Connie Leyva (born February 19, 1967) is an American politician and union organizer, previously serving as a member of the California State Senate in the 20th Senate District from 2014-2022. She is a member of the Democratic Party.

Leyva was raised in Chino, California, where she attended public schools. She earned a Bachelor of Arts degree in communicative disorders from the University of Redlands.

Career 
Prior to being elected to the State Senate in 2014, she was president of the California Labor Federation. Leyva was elected to the California State Senate in 2014, receiving the endorsement of the local AFL–CIO chapter.
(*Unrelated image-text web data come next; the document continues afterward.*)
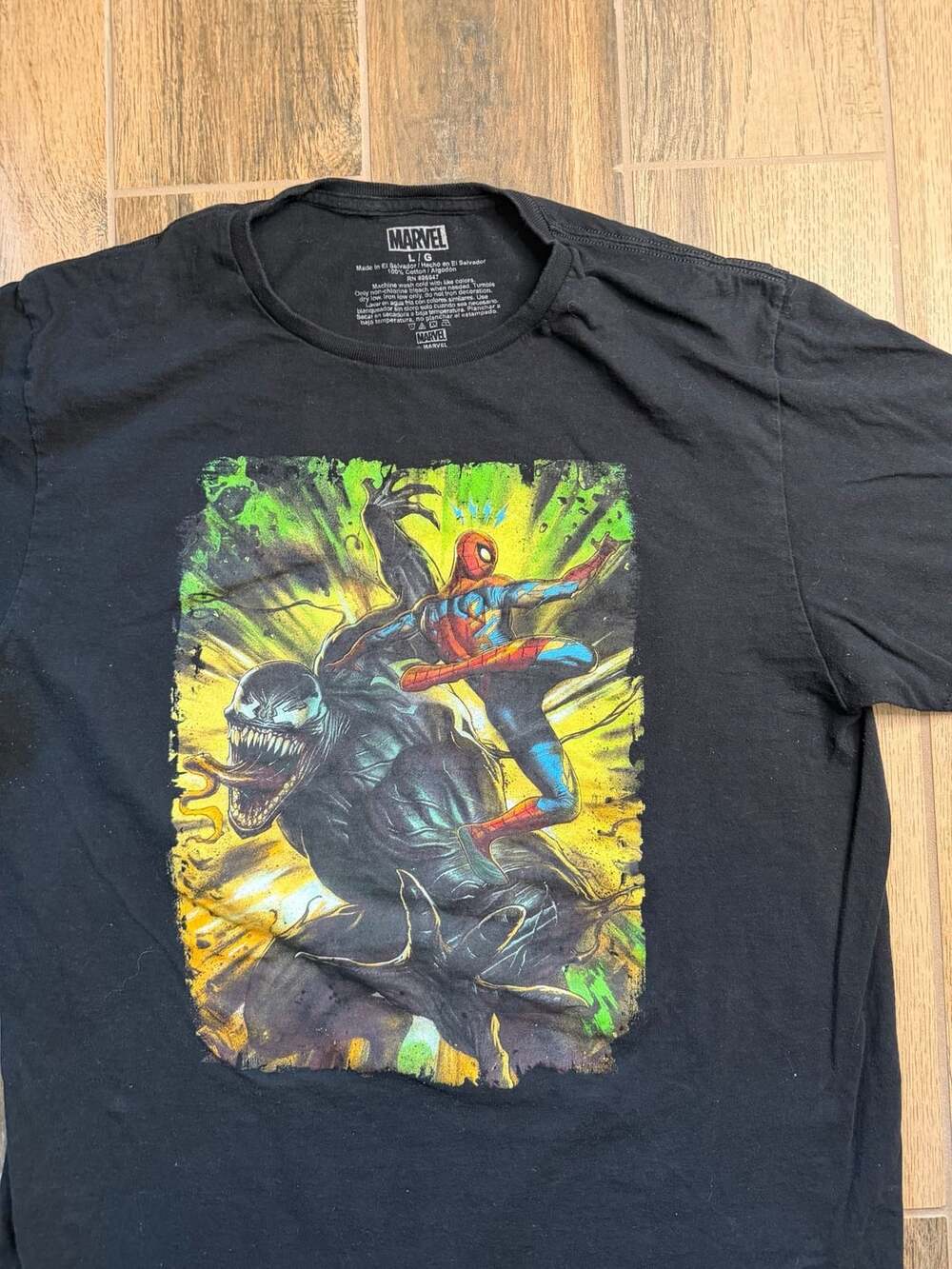 Marvel Spider-Man vs Venom Graphic T-Shirt Size L Black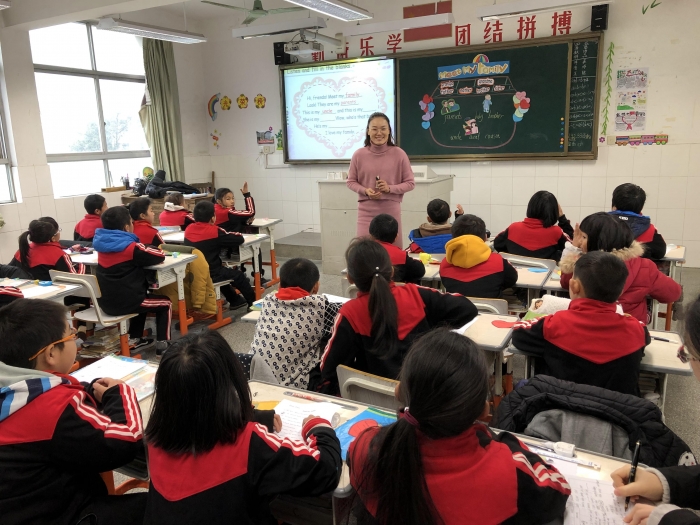 施春芳校长表示下学期将继续开展结对活动,欢迎庙下小学领导组织相关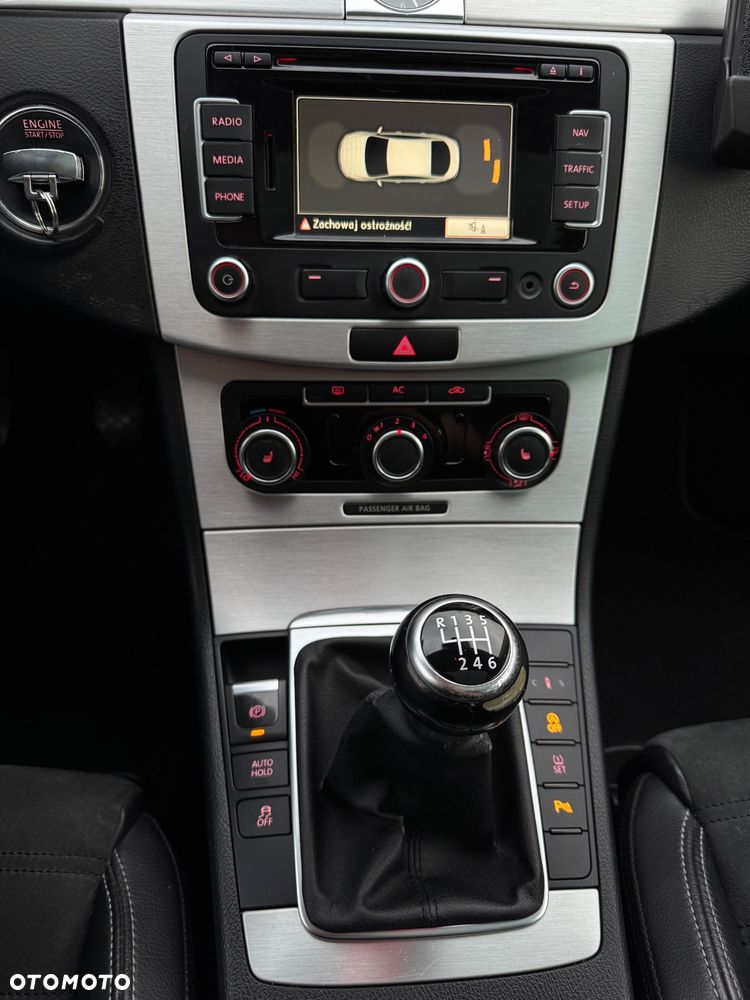 Volkswagen CC 2.0 TDI DPF BMT - 13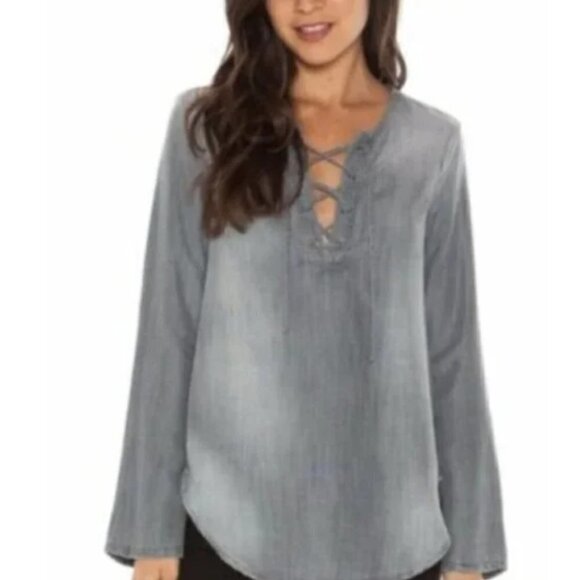 cloth & stone Tops - Anthropologie Cloth & Stone Grey Lace Up Blouse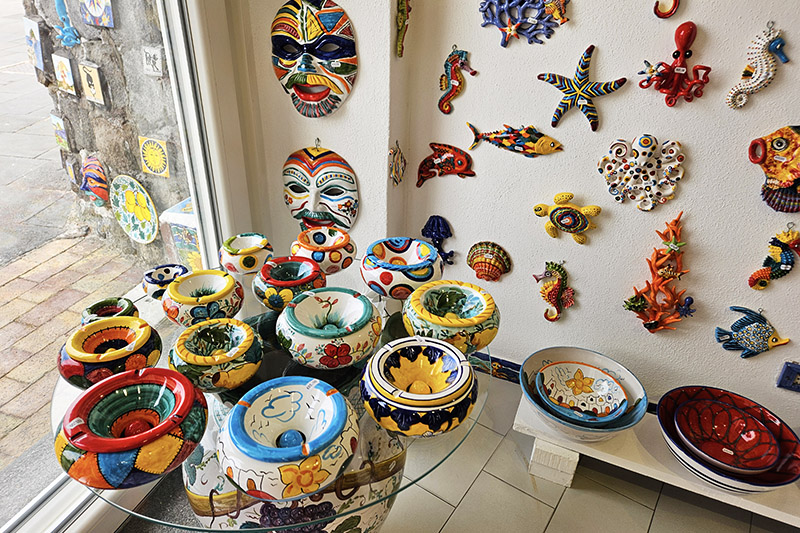 Le ceramiche del borgo di Sant'Angelo a Ischia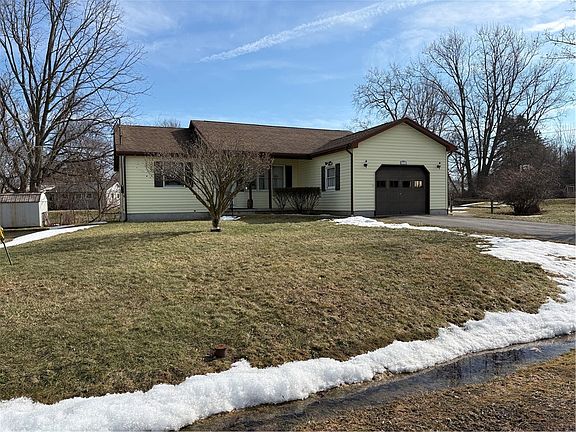 2nd image of 101 Ridgewood Dr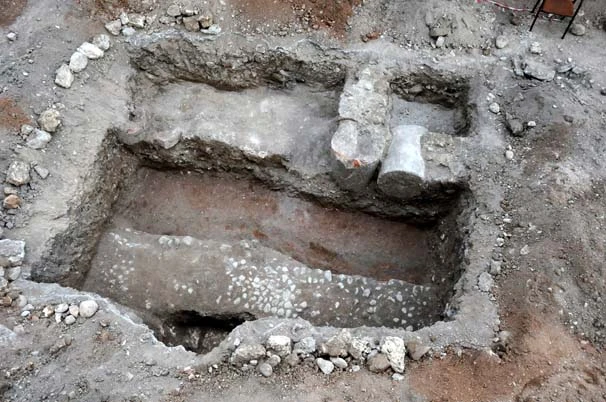 Hükümet Konağı temelinden tarihi eser çıktı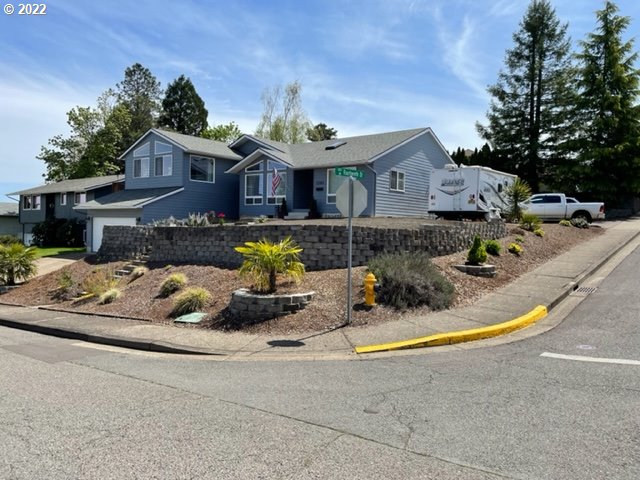 1261 Southwest Maple Street Dallas, OR 97338 - Photo 1 of 32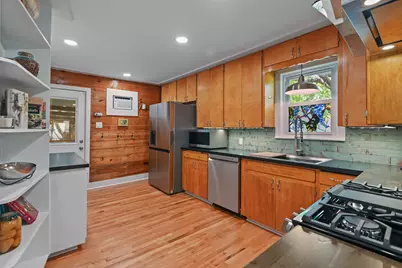 1217 Fairground Street, Taylor, TX 76574 - Photo 12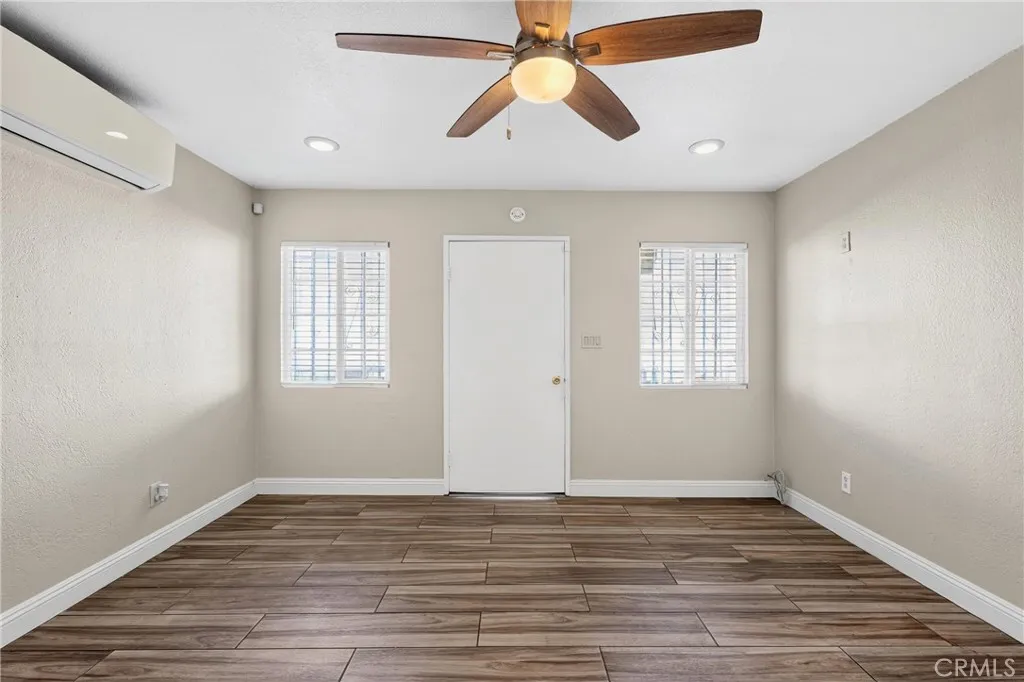 Additional image 9 of 806 W Spruce Street, Compton, CA 90220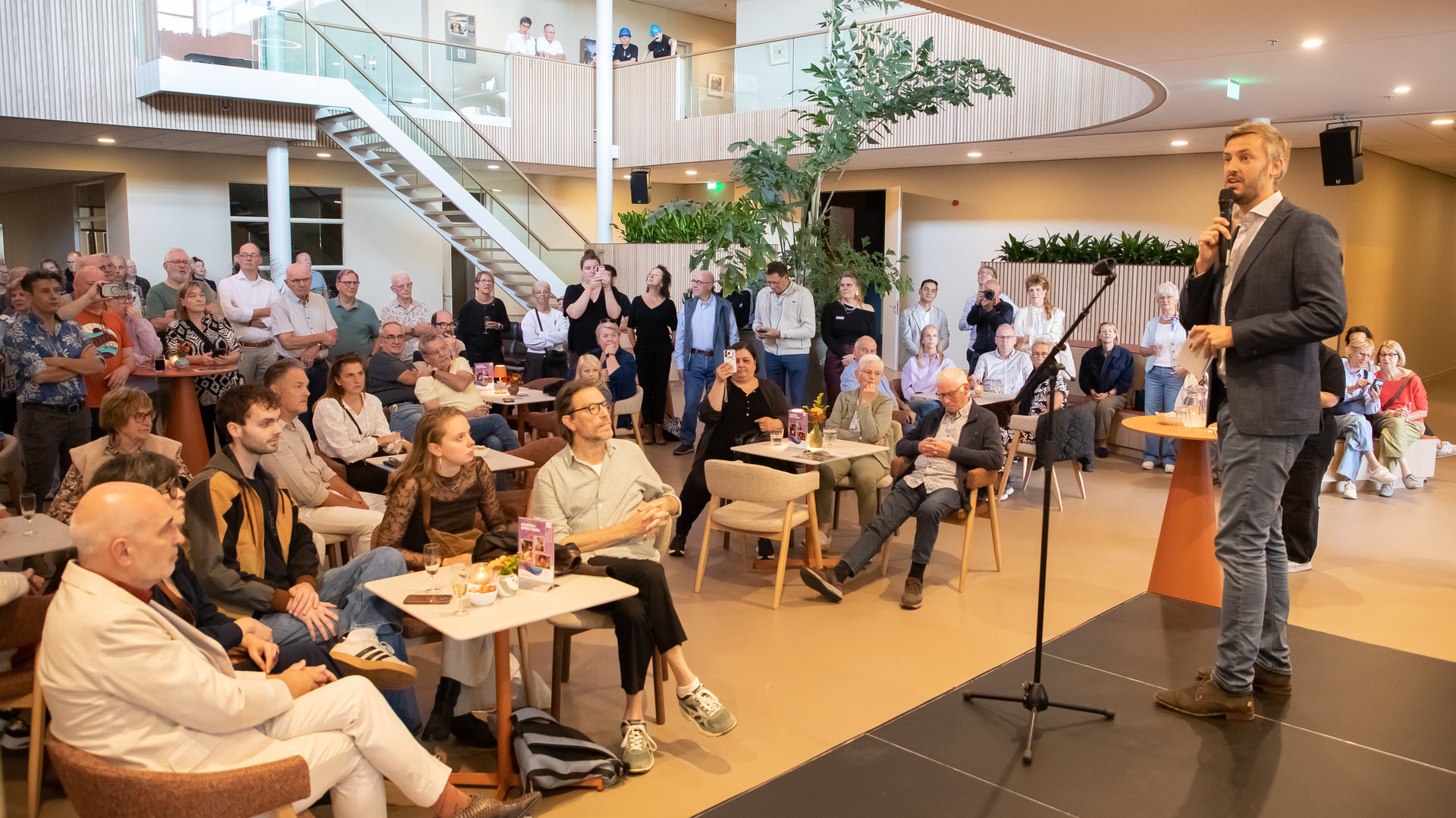 Vernieuwd-Spectrum-feestelijk-heropend--zondag-gaat-het-feest-verder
On January 6, 2022, Leyva announced that she would not run for reelection to the State Senate as newly approved redistricting maps put state Sen. Connie Leyva (D-Chino) in the same district as state Sen. Susan Rubio (D-Baldwin Park) and the two would have had to face off in the fall. On January 26, 2022, Leyva announced that she would be a candidate for the San Bernardino County Board of Supervisors, seeking to unseat Curt Hagman.  She was defeated by a wide margin.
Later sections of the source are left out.